Further to the Warburg effect, the final rate-limiting step in AG, catalyzed by pyruvate kinase (PK), controls the balance between energy production and metabolic precursor synthesis. The M2 isoform of PK (PKM2) is preferentially expressed in cancer cells and channels glycolytic intermediates into pentose phosphate pathway for nucleotide synthesis (33). PKM2 can be allosterically regulated to assume a high- or low-activity state. In cancer cells, there is downregulation of PK activity favoring a microenvironment that is conducive to cell proliferation. 1-((2,6-difluorophenyl)sulfonyl)-4-((methoxy-11C)phenoxy)sulfonyl)piperazine ([11C]DASA-23) (Figure 1) has been developed as a non-invasive PET probe to measure activity of PKM2 in preclinical glioblastoma models (34). Witney and co-workers have demonstrated that [11C]DASA-23 improved tumor visualization and predicted response to PKM2 activator, which resulted in loss of PET signal. The clinical translation of these findings is eagerly awaited.
Another glycolysis-linked pathway that has come to the fore is glycogenesis. Glycogen, the principal glucose store in mammalian cells, is synthesized from uridine diphosphate glucose (UDP-glucose) catalyzed by glycogen synthase (GS). Tumor cells originating from epithelial tissues, especially in the quiescent state also accumulate glycogen, in addition to increased glycolytic flux (35, 36). In order to gain biological insight into the role of glycogenesis, PET with [18F]-N-(methyl-(2-fluoroethyl)-1H[1,2,3]triazole-4-yl) glucosamine ([18F]NFTG) has been studied (37). The authors showed that glycogen levels, [18F]NFTG, but not [18F]FDG uptake, increased proportionately with cell density and G1/G0 arrest. This increase in glycogen levels and [18F]NFTG uptake has potential application in the assessment of oncogenic pathways related to glycogenesis and the detection of post-treatment tumor quiescence. However, there have been no studies evaluating response to therapy.
Choline Metabolism: Choline PET
Choline is a precursor of phosphatidylcholine (PC), an essential component of phospholipids in the cell membrane (38) and is required for structural stability and cell growth. It is also essential for the synthesis of neurotransmitters such as acetylcholine (by reaction of choline with acetyl-CoA), and production of potent lipid mediators, such as platelet-activating factor. Choline kinase (CHK) is the first enzyme in the Kennedy pathway (39), and is responsible for the de novo synthesis of PC. CHK phosphorylates choline to phosphocholine (PCho), the rate-limiting step in the Kennedy pathway. PCho is further phosphorylated to cytidine diphosphate-choline (CDP-choline) by the enzyme cytidylyltransferase and then to other intermediates before being incorporated into cell membrane phospholipids as PC. Malignant transformation is associated with enhanced choline transport and utilization, characterized in a large part by increased CHKα expression, which leads to a phenotype of increased radiolabeled choline uptake (40, 41).
Choline Tracers
Choline has been radiolabeled with [11C], [18F] for tracing choline transport and phosphorylation in several tumor types. In one of the first studies, Hara and colleagues showed that phosphorylation led to intracellular retention of the carbon label [11C] in PCa (42), thus enabling imaging of this metabolic pathway. The same group also showed that [11C]choline had good uptake in brain tumors with almost negligible activity in the blood after 5 min (43). This work inspired others to use [11C]choline as a PET radiotracer to image other tumors, including renal (30), esophageal (44–48), and non-small cell lung cancer (NSCLC) (44). [11C]choline is particularly useful in PCa as there is negligible urinary bladder excretion, a challenge with [18F]FDG. The utility of [11C]choline in visualizing and staging PCa has been extensively reported (42, 49).
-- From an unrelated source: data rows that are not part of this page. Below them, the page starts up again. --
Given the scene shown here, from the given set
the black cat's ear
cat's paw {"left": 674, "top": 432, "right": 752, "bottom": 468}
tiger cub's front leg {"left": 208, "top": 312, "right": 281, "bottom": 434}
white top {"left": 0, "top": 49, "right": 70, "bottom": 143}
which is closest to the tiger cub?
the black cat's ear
[18F]Fluorocholine ([18F]FCH) was developed to overcome the short physical half-life of carbon-11 (20.4 min). The longer half-life (109.8 min) of [18F] was deemed potentially advantageous in permitting late imaging of tumors when sufficient clearance of parent tracer in systemic circulation had occurred. Since DeGrado and co-workers first reported the use of [18F]FCH (50), the tracer has proven safe for human administration (51) and has been extensively used in patients for diverse pathologies.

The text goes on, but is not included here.